Swiss roboticist and professor

Alcherio Martinoli is a roboticist and a full professor at the École polytechnique fédérale de Lausanne (EPFL) in the School of Architecture, Civil and Environmental Engineering where he heads the Distributed Systems and Algorithms Laboratory.

==Biography==
Martinoli received his PhD degree in computer science in 1999 at the École polytechnique fédérale de Lausanne (EPFL) working under Jean-Daniel Nicoud. Martinoli did a post-doc with Rodney M. Goodman at Caltech, where he headed the Collective Robotics Group. In 2007, he joined EPFL as an SNSF Assistant Professor in School of Information and Communication. He has moved to School of Architecture, Civil and Environmental Engineering in 2008 as an associate professor. He became a full Professor in 2024.

He is the recipient of a Swiss National Science Foundation Young Investigator Award as well as the 2001 KiTi prize for young Swiss-Italian researchers who have distinguished themselves in the field of science, art, or humanities, as well as a "Best Paper Award" at the 2006 Conference on Distributed Autonomous Robotic Systems (DARS)

==Work==
Martinoli's research interests are in multi-robot systems, swarm robotics, swarm Intelligence, and self-organization with applications to transportation systems and large-scale networks of sensors and actuators. Martinoli is widely recognized for his work on distributed odor localization, modeling and designing swarm robotic systems, and mixed systems consisting of animals and robots, which has been cited more than 5000 times.

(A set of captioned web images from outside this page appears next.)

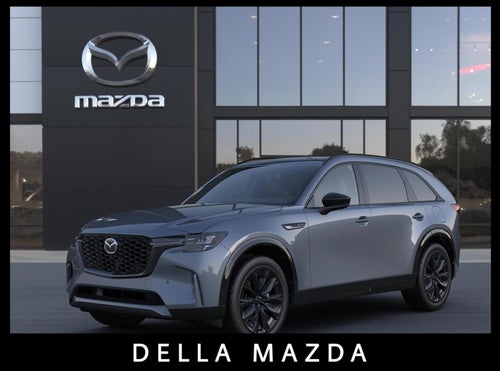 2026 Mazda Mazda CX-90 3.3 Turbo S Premium Sport AWD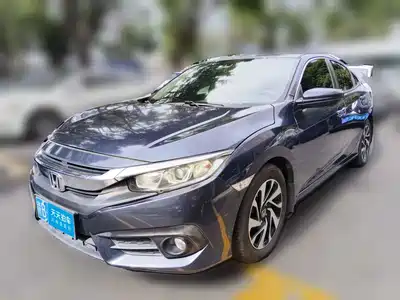 Honda Civic 2018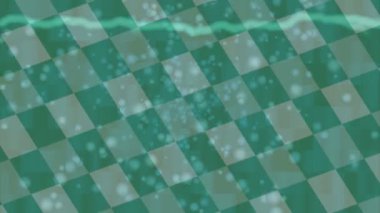 Benzersiz dijital hareket grafiklerine sahip yaratıcı sinematik projeler için yumuşak animasyon yüzeyi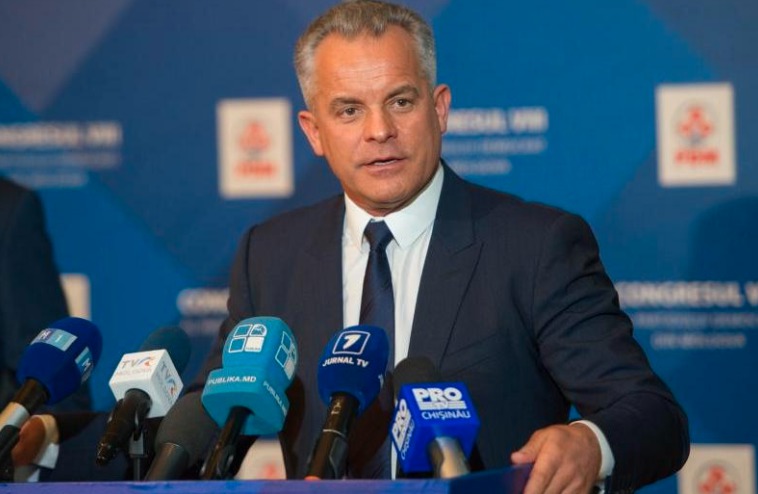 Plahotniuc: PSRM se joacă de-a referendumurile eșuate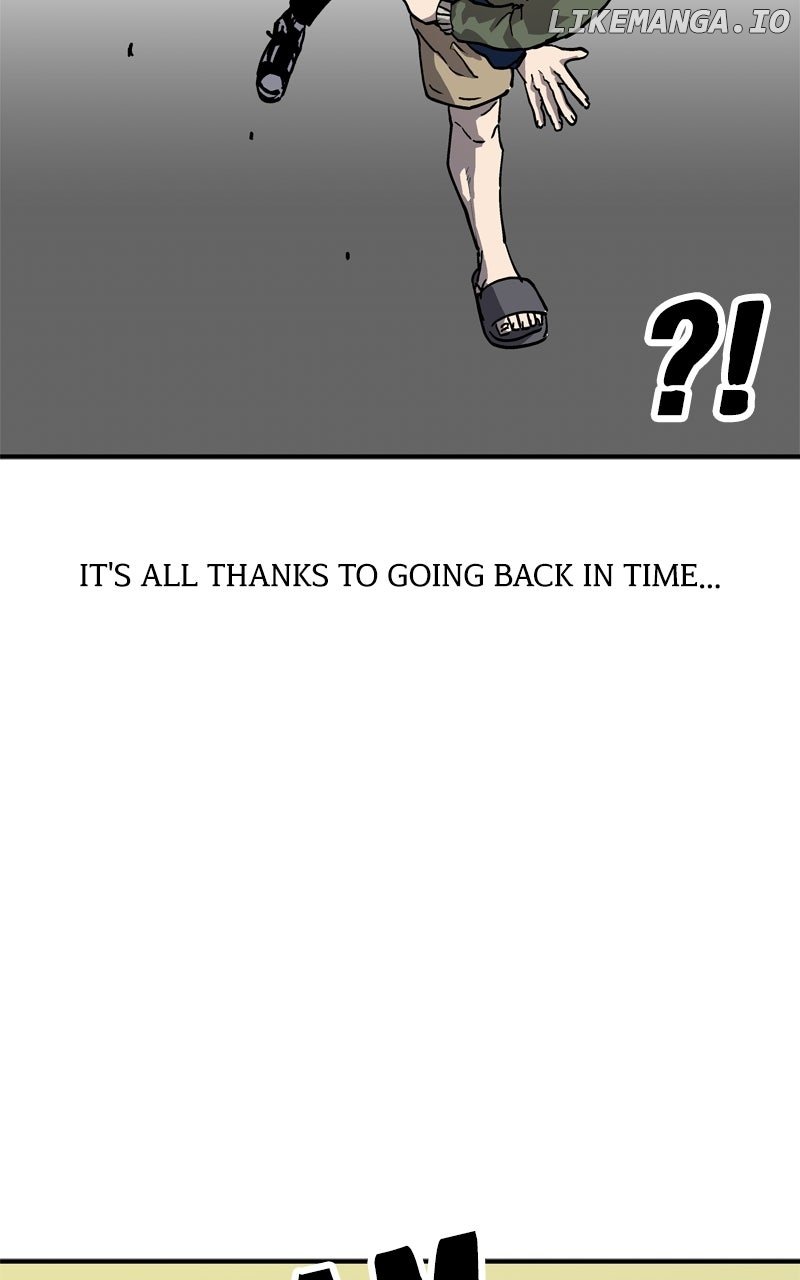 Read Boss Returns Manga Online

Martinoli and his laboratory have also taken a leading role in various open-source projects affecting the robotics community at large, most notably the software Swistrack, a multi-object tracking system for single and multi-camera
systems, the Khepera III Toolbox for the Khepera III robot, and the e-Puck mobile robot in collaboration with Francesco Mondada.